For Bluetooth devices, pairing is like exchanging contact information. First, each device registers the pairing information, including the security key, of its partner device. This information is saved on both devices so they can easily connect or automatically reconnect without repeating the initial Bluetooth pairing process.
Depending on the device, the initial pairing process may also involve comparing a string of numbers displayed on both devices to ensure you’ve made the right connection or entering a PIN from one device into the other. These considerations are in place to prevent users from accidentally pairing with the wrong device and to prevent unwanted parties from accessing your Bluetooth devices.
Bluetooth Technology Limitations and Range
Physical device placement and surrounding conditions are critical to Bluetooth performance. Bluetooth technology can be used to connect devices that are within approximately 30 to 300 feet of each other. The Bluetooth range of your device will depend on factors including environment, interference, and transmission power. Technologies that operate on the 2.4 GHz spectrum—such as older PCs, tablets, phones, and Wi-Fi networks, as well as microwaves and baby monitors—can interfere with Bluetooth performance.
Primarily, Bluetooth technology is used for small data packets and low-latency, burst-based communications between devices; however, it is not preferred for large file transfers because of its limited 2 Mbps data rate.
As with all other kinds of wireless connectivity, security is a top-of-mind consideration for Bluetooth technologists and users. Throughout Bluetooth technology’s long life, its security capabilities have evolved right alongside improvements to performance and expanding use cases. The Bluetooth specification, overseen by the Bluetooth SIG, is periodically updated to enhance security and prevent issues.
To keep data in transit secure, Bluetooth technology relies on encryption and authentication technologies. Pairing processes such as PIN entry also help to safeguard against unwanted access or connectivity. Compared to Bluetooth Classic, Bluetooth LE offers enhanced security features, known as LE Secure Connections, that include advanced algorithmic generation of security keys—making it more difficult for malicious actors to access devices.
Intel® Bluetooth Solutions
Intel® Bluetooth solutions reflect our long-standing investment in the technology. We’re dedicated to making it a seamless, simple, and easy technology that enables headache-free connectivity for PC users everywhere.
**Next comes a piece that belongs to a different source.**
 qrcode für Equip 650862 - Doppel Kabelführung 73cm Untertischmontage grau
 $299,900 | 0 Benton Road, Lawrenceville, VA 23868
As Bluetooth technology continues to evolve and become an even more integral part of everyday life, we continue to unlock technical innovations that enable better experiences for all.
For example, we’ve worked to offload essential Bluetooth audio processing capabilities (e.g., those that would be used to enable wireless headphones) from the CPU to an Intel® low-power audio digital signal processor. This means the CPU can enter a deeper sleep state more often since it’s not tied into supplying the audio signal to the end user device—ultimately allowing the PC to reduce power consumption and extend battery life.
If you’re seeking a truly standout connectivity experience, look to Intel® Evo™ laptops, which are the result of a deep collaboration between Intel and our industry partners. These devices are built to demanding specifications, determined by Intel® Bluetooth experts, to provide an industry-leading experience.
Bluetooth Technology Is Here to Stay
Bluetooth technology is an integral part of our modern, connected lives. The Bluetooth SIG remains dedicated to evolving the technology and stewarding it into the future. As Bluetooth technology continues to improve and expand in use cases, Intel will continue to play a key role in its development through both our PC solutions and our deep-rooted involvement in the Bluetooth SIG.
In the future, you can look forward to Bluetooth improvements across range, performance, and reliability as new innovations are applied to the technology. As our wirelessly connected world continues to grow and change, Bluetooth technology will remain a critical part of it.